I’m wondering how to use @inbounds when vectorizing a function with dot notation or @.. I found Base.@propagate_inbounds but am not sure I’m using it correctly. Consider

using BenchmarkTools

Base.@propagate_inbounds active_dot(x, l, u, δ) = (x ≤ l + δ) || (x ≥ u - δ)

function active!(A, x, l, u, δ)
  @inbounds for i in eachindex(x)
    A[i] = (x[i] ≤ l[i] + δ[i]) || (x[i] ≥ u[i] - δ[i])
  end
  A
end

function foo(n)
  l = zeros(n)
  u = ones(n)
  x = rand(n) - 0.5
  rtol = atol = 1.0e-8
  # is it possible to write the following with dot notation??
  δ = [-Inf < l[i] < u[i] < Inf ? min(rtol * (u[i] - l[i]), atol) : atol for i = 1:n]

  A1 = Array{Bool}(n)
  A2 = Array{Bool}(n)

  t1 = @benchmark active!($A1, $x, $l, $u, $δ)
  show(STDOUT, MIME"text/plain"(), t1); println()

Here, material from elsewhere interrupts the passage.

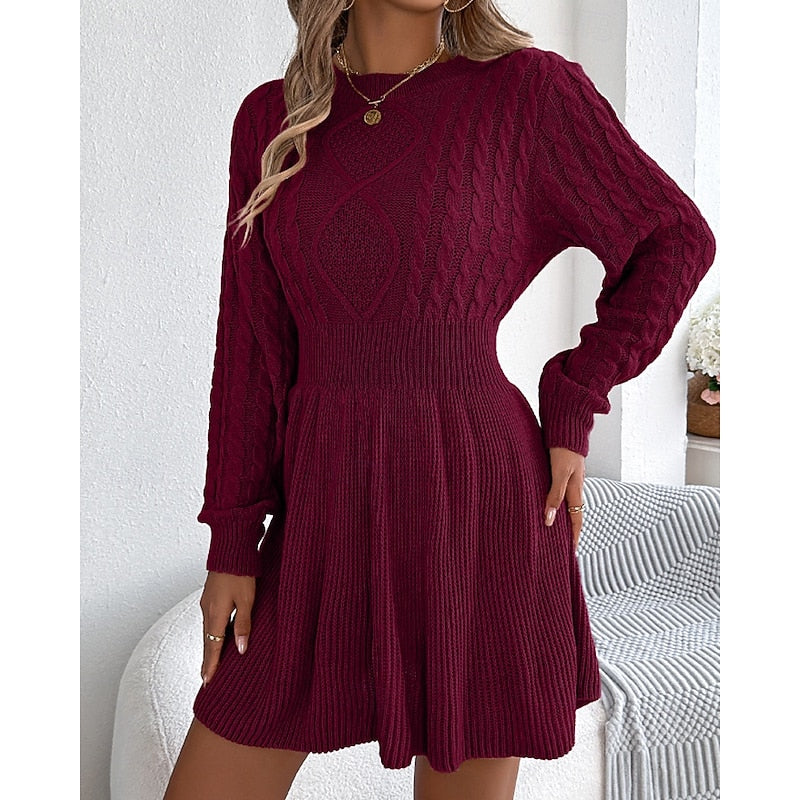 Strickkleid Damen | Zopfmuster & Taillierte Passform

  t2 = @benchmark $A2 .= active_dot.($x, $l, $u, $δ)
  show(STDOUT, MIME"text/plain"(), t2); println()

  @assert all(A1 .== A2)
end

foo(10000)

The explicit @inbounds-instrumented loop is still about 10x faster:

BenchmarkTools.Trial: 
  memory estimate:  0 bytes
  allocs estimate:  0
  --------------
  minimum time:     5.528 μs (0.00% GC)
  median time:      6.125 μs (0.00% GC)
  mean time:        6.545 μs (0.00% GC)
  maximum time:     23.742 μs (0.00% GC)
  --------------
  samples:          10000
  evals/sample:     6
BenchmarkTools.Trial: 
  memory estimate:  0 bytes
  allocs estimate:  0
  --------------
  minimum time:     45.809 μs (0.00% GC)
  median time:      49.291 μs (0.00% GC)
  mean time:        52.758 μs (0.00% GC)
  maximum time:     229.375 μs (0.00% GC)
  --------------
  samples:          10000
  evals/sample:     1

Can active_dot be improved somehow to close the gap? Thanks!